- RECORD SET:
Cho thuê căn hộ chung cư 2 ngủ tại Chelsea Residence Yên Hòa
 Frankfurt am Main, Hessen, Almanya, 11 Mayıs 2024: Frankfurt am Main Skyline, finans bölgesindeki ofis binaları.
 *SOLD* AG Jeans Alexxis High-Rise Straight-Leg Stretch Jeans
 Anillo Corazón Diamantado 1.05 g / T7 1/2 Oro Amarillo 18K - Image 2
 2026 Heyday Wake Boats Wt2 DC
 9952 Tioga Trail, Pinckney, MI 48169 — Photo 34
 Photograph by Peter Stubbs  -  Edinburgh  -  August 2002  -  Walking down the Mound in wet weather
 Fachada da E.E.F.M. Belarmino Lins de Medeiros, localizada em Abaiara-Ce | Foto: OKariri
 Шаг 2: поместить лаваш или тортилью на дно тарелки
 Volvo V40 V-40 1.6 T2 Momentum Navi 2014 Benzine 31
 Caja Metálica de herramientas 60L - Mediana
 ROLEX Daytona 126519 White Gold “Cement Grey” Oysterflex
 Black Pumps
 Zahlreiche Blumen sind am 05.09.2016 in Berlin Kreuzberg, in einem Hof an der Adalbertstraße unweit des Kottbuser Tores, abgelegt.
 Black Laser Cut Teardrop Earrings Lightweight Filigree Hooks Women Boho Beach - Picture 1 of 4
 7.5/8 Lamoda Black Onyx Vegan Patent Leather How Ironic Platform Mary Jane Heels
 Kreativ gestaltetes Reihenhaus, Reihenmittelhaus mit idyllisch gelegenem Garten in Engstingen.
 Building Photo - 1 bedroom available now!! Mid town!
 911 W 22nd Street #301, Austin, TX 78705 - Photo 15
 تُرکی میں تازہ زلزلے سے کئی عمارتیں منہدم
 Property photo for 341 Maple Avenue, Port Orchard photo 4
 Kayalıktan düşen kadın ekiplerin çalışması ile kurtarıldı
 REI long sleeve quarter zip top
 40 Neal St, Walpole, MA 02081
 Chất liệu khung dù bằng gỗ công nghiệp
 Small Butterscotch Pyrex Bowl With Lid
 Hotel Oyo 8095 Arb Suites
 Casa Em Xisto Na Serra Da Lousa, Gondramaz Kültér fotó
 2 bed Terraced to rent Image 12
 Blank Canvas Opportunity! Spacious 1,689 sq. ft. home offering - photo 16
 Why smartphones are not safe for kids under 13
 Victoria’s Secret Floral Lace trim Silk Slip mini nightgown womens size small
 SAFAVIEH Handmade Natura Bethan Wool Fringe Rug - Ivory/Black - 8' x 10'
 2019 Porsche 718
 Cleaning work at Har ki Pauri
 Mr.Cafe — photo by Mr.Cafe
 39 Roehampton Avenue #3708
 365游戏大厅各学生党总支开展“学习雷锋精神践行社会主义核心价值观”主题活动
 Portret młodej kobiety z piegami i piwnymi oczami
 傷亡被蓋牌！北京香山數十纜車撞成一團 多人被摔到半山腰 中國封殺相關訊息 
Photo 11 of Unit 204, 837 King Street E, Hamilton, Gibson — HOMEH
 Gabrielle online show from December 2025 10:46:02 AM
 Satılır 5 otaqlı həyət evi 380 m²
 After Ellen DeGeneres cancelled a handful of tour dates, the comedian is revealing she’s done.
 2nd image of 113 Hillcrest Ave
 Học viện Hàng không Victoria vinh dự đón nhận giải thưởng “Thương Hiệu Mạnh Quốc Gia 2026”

- HOW TO COMPLETE THIS TASK: Exactly the lines from the one with "傷亡被蓋牌！北京香山數十纜車撞成一團 多人被摔到半山腰 中國封殺相關訊息" through the final line of the entries are to be returned, both ends included.

- EXPECTED ANSWER:
 傷亡被蓋牌！北京香山數十纜車撞成一團 多人被摔到半山腰 中國封殺相關訊息 
Photo 11 of Unit 204, 837 King Street E, Hamilton, Gibson — HOMEH
 Gabrielle online show from December 2025 10:46:02 AM
 Satılır 5 otaqlı həyət evi 380 m²
 After Ellen DeGeneres cancelled a handful of tour dates, the comedian is revealing she’s done.
 2nd image of 113 Hillcrest Ave
 Học viện Hàng không Victoria vinh dự đón nhận giải thưởng “Thương Hiệu Mạnh Quốc Gia 2026”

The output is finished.